祖師

隠元隆琦禅師

隠元隆琦禅師頂相
隠元禅師画像:喜多元規筆

徽号

大光普照国師 後水尾法皇 特賜

諡号

生誕地

中国福建省福州府福清県

名は隆琦。姓は林。1592年11月4日生まれ。隠元禅師が6歳のとき、父が湖北・湖南方面に赴いたまま消息を断ってしまう。そして、21歳のときに父を探して浙江方面に旅をしたが、出会うことはできなかった。そこで、観音の冥助にすがるよりほかないと思い、普陀山に赴き、潮音洞に入って茶頭を勤めた。それが出家の契機となった。28歳のとき、母を亡くし、黄檗山の鑑源の勧めによって剃髪した。その後修行に努め、密雲・費隠の鉗鎚(けんつい)を受けた。1633年、費隠の法を嗣ぐ。1637年、本師の後を承けて、黄檗山萬福寺(古黄檗:中国)に晋住した。
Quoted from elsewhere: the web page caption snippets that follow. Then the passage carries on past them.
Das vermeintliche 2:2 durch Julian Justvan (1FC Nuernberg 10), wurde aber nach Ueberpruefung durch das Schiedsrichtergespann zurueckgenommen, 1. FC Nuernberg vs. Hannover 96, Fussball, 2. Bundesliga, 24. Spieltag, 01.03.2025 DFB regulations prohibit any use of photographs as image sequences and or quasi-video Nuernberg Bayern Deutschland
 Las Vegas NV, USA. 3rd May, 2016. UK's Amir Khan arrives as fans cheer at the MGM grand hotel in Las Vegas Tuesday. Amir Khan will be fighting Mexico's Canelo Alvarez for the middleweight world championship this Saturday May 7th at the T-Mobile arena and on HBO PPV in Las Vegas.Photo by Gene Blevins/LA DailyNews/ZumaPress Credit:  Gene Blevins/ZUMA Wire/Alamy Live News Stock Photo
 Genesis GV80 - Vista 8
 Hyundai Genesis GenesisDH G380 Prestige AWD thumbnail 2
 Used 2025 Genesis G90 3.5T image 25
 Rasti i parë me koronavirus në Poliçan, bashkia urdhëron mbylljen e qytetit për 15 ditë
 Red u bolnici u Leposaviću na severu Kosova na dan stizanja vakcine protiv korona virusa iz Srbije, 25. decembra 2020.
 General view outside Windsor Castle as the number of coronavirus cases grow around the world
1654年、長崎興福寺の住持、逸然及び檀越の招請に応じて来日。その行に従った者は、僧俗30名にものぼったという。長崎にて教化に努めたが、1655年摂津の普門寺へと移る。隠元は中国に残してきた弟子たちには「3年後には帰国する」という約束をしていた。来日3年目になると、中国の弟子や支援者たちから隠元の帰国を要請する手紙が多数届き、隠元本人も帰国を希望したが、元妙心寺住持の龍渓性潜をはじめとする日本側の信奉者たちは、隠元が日本に留まること強く望み、尽力した。1658年時の将軍、家綱に謁見し、翌年、山城国宇治に土地が与えられ黄檗山萬福寺を開創することとなる。

木庵性瑫禅師

木庵性瑫禅師頂相
木庵性瑫:喜多元規筆

諡号

慧明国師 明治天皇 勅諡

生誕地

中国福建省泉州府晋江県

法系

萬寿派祖

名は性瑫。姓は呉。開元寺の印明に就いて剃髪。その後、密雲・費隠にも参じたが、隠元に就いて参究、1650年嗣法。隠元禅師の招きに応じて1655年来日。黄檗山萬福寺の開創を援け、1664年隠元禅師の退休の後を承けて第二代を経席した。1680年塔頭紫雲院に退休し、1684年1月20日示寂。即非如一とともに「長崎の二甘露門」と称され、隠元の「徳」、木庵の「道」、即非の「禅」と称される。現在の黄檗山萬福寺の伽藍は木庵の時代に整備されたといっても過言ではない。書や墨画に優れ、特に書は隠元、即非とともに「隠木即」あるいは「黄檗三筆」と讃えられた。

潮音道海(寳林寺中興開山)

潮音道海禅師頂相
潮音道海:喜多元規筆

南牧樵夫

生誕地

佐賀県小城郡小城町西川

法系

緑樹派祖

姓は、楠田。13歳で出家し、医王寺瑞巌に参じた。かねてより、中峰明本の禅風を慕い、一糸文守の道誉を聞いて江州瑞石山永源寺に登ったが、一糸すでに寂し、後席如雪文巖に参じた。27歳のとき、隠元禅師の渡来に長崎興福寺に赴いたが掛頭叶わず、崇福寺の道者超元に参じた。1665年江戸に出た潮音禅師は、大慈庵を興して、黄檗の教えを広める。1666年には須田覺心や吉田大機らの招きで眞福山寳林寺へ晋山し、江戸大慈庵を往復する。1669年、寳林寺での説法が評判となり、徳川綱吉が開基となり、潮音禅師のために上州館林に萬徳山廣済寺を開山し、木庵性瑫を勧請開山として、晋山した。1683年、館林藩主徳川徳松が夭折(ようせつ)して廣済寺の領地は収公となり、潮音禅師は廣済寺を退いて甘楽郡南牧村の黒瀧山不動寺に晋山した。廣済寺は廃寺となり、江戸大慈庵に引き継がれ、後に深川に万徳山廣済寺として再興された。1695年、隠元禅師二十三回忌に黄檗山萬福寺へ赴き、供養を尽くされての帰途、美濃の萬亀山臨川寺にて病を再発し、遷化される。禅僧でありながら神道や真言宗の教義にも通じていた。開山の寺24ヵ寺、弟子64人。